This soup recipe is really delicious. It makes quite a bit so don’t make it unless you have a least 5 people that will be eating it or you’ll be eating it forever!
3 cups whole milk
1 cup yellow corn muffin mix (I used Jiffy)
2 T. butter
1 onion, chopped fine
3 garlic cloves, minced
1/2 tsp. ground cumin
1 tsp. dried oregano
2 quarts low-sodium chicken broth
2 sweet potatoes (or maybe 3 if you’d like), peeled and cut into 1/2″ pieces
1 cup shredded Monterey Jack Cheese
3 cups frozen corn (not thawed)
salt and pepper, to taste
* I didn’t do this, but I think it would probably be really good with bacon bits in it too.
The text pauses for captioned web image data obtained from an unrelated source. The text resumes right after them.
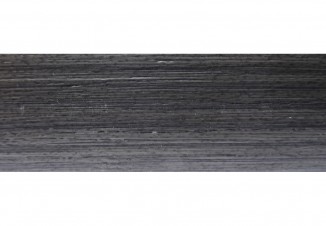 Крайка Egger AБС 43*2 ST22 H3081 Гасієнда чорний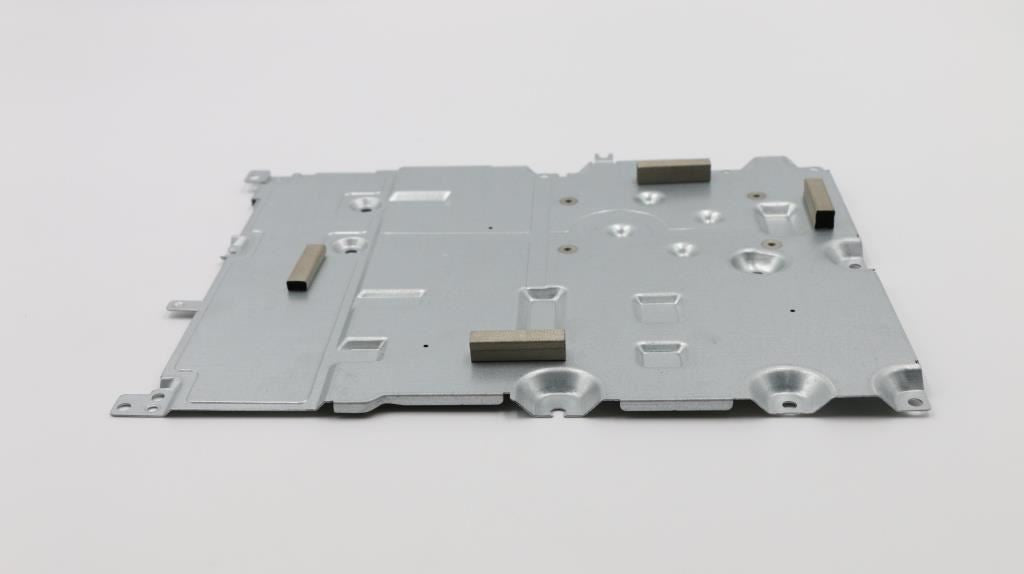 Lenovo MECH_ASM ASSY Frame for MB_ISH 01EF464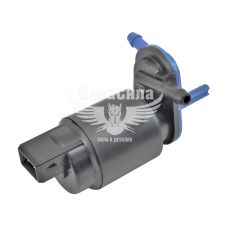 Насос склоомивача Opel Astra G з98-05р.в. (Metzger)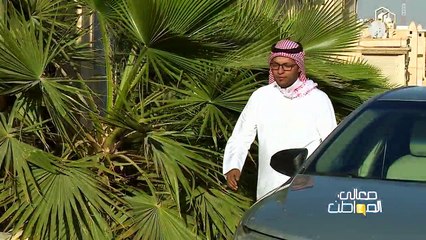 معاناة خريجي الانتساب بين وزارتي الخدمة المدنية و التعليم ورفض سوق العمل لهم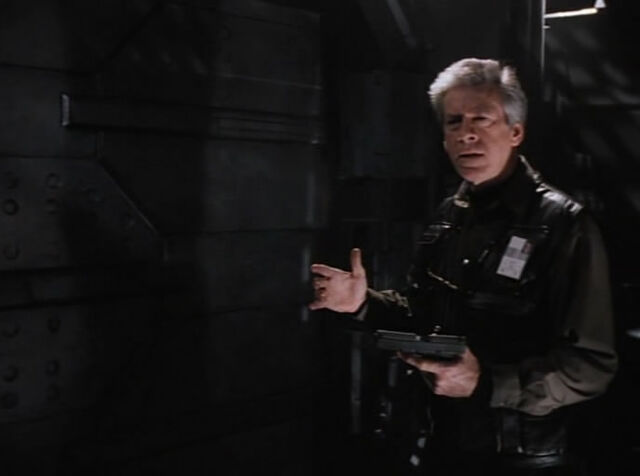 File:Digital Man-Glock-9.jpg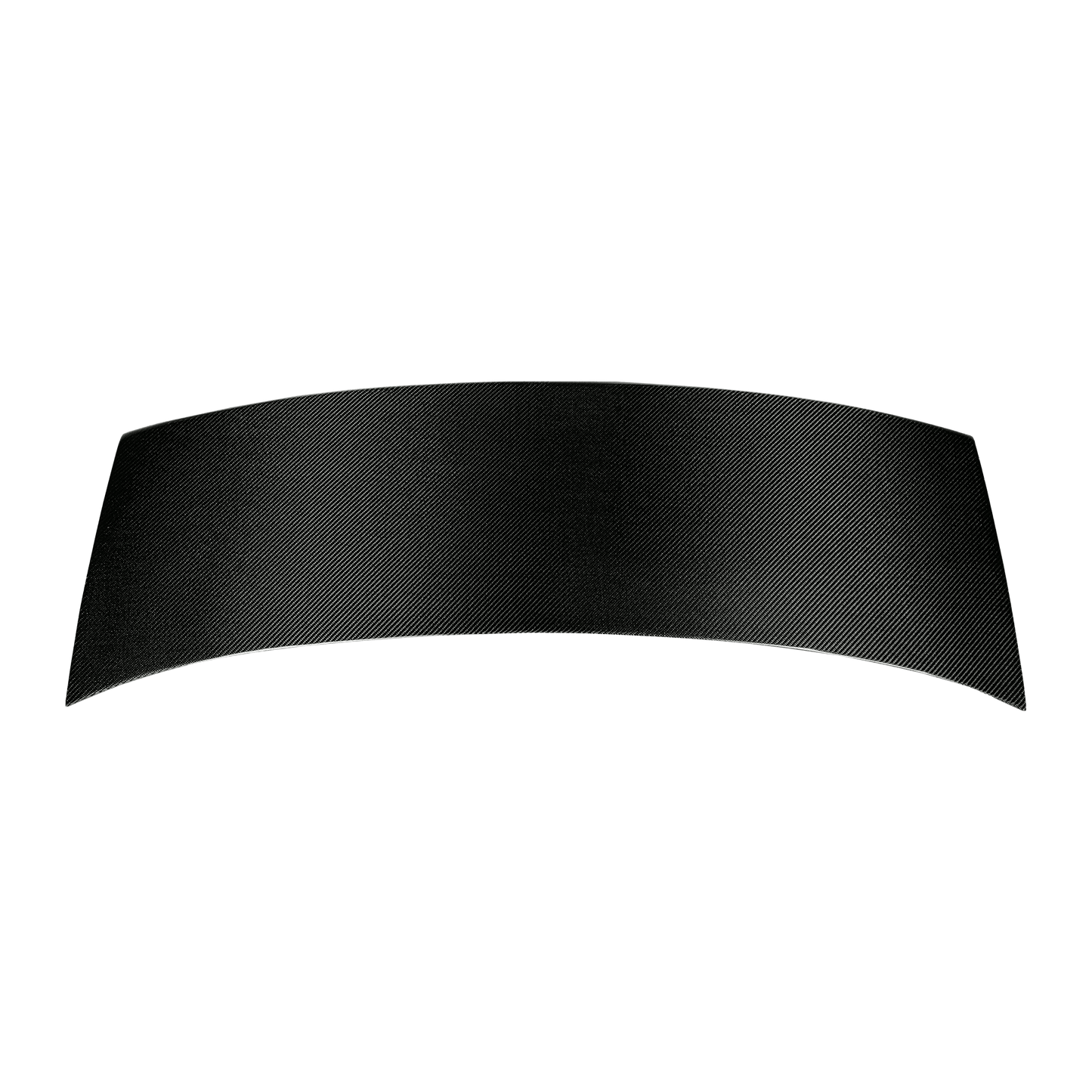 For Civic Fd2 Oem For Honda Rear Trunk Carbon Fiber Kazento Carbon Parts 车身侧板 Carbon Fiber FD2-TRUNK-OE-CF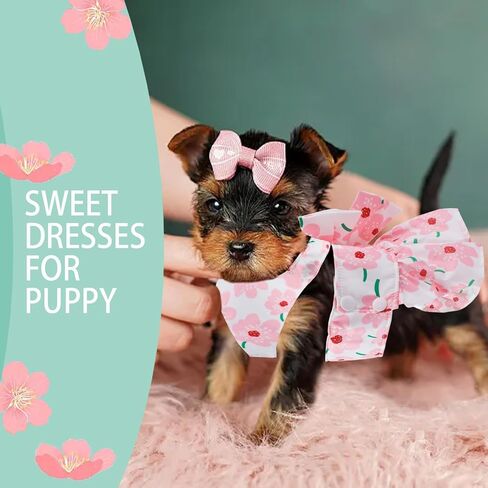Dog Halloween Deadly Costume Set Cute Funny Cosplay Chucky Outfits Puppy Halloween Theme Party Clothes(X-Large) in Saudi Arabia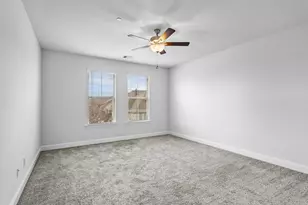 4929 Barcelona Ave, McKinney, TX 75070 - Photo 11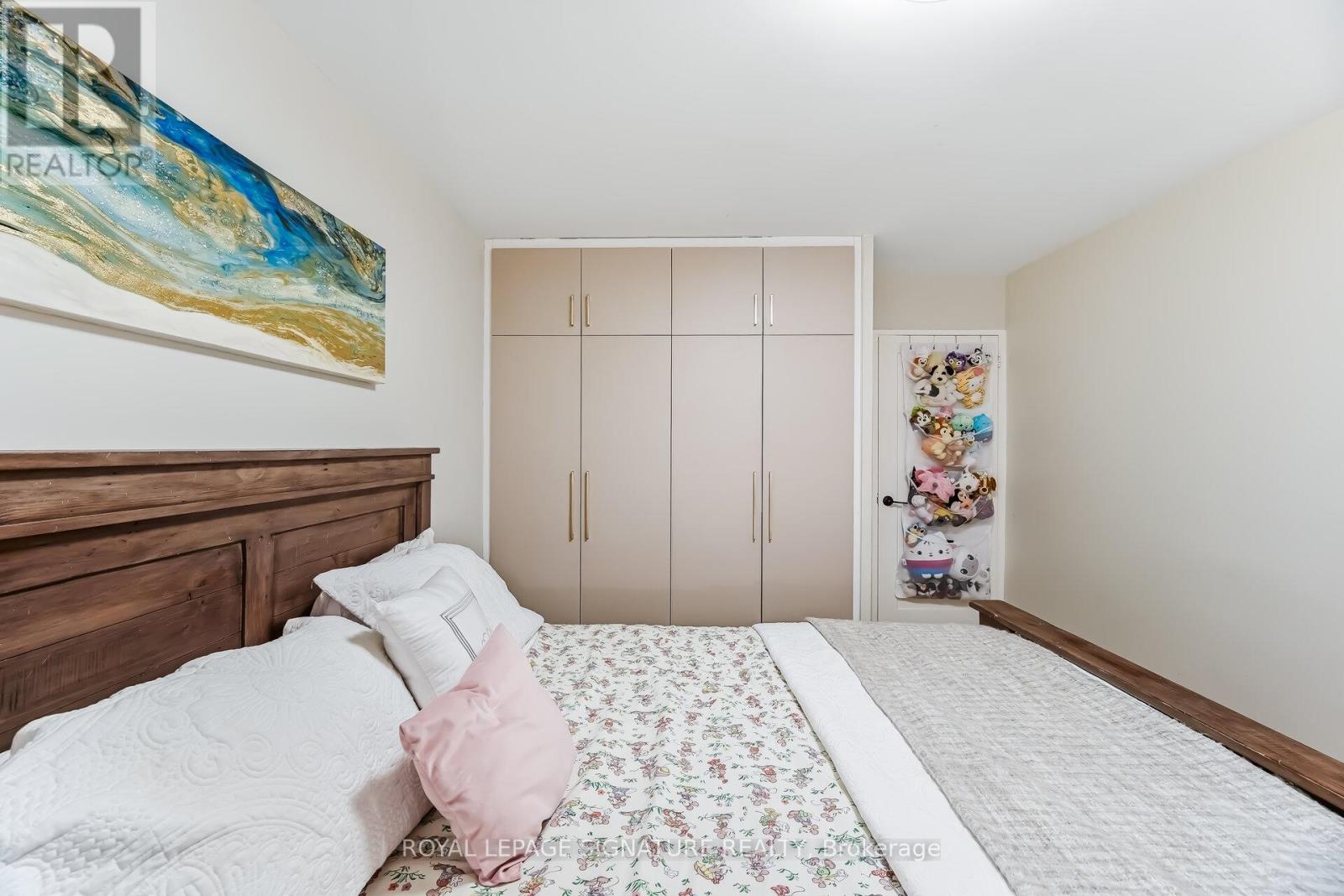 1203 - 2263 Marine Drive, Oakville, Ontario  L6L 5K1 - Photo 26 - W12926144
Mix milk and muffin mix in bowl until well combined. Meanwhile, heat butter in large pot over medium heat until foaming. Add onion and cook until softened, about 8 minutes. Stir in garlic, cumin and oregano and cook until fragrant, about 30 seconds. Add broth and sweet potatoes. Bring to boil, reduce heat, and simmer until sweet potatoes are just tender, about 8 minutes.
Stir in milk and muffin mixture and simmer until soup thickens, about 10 minutes.Add cheese and corn and cook until cheese begins to melt, about 2 minutes. Season with salt and pepper (I like it with quite a bit of pepper). Serve.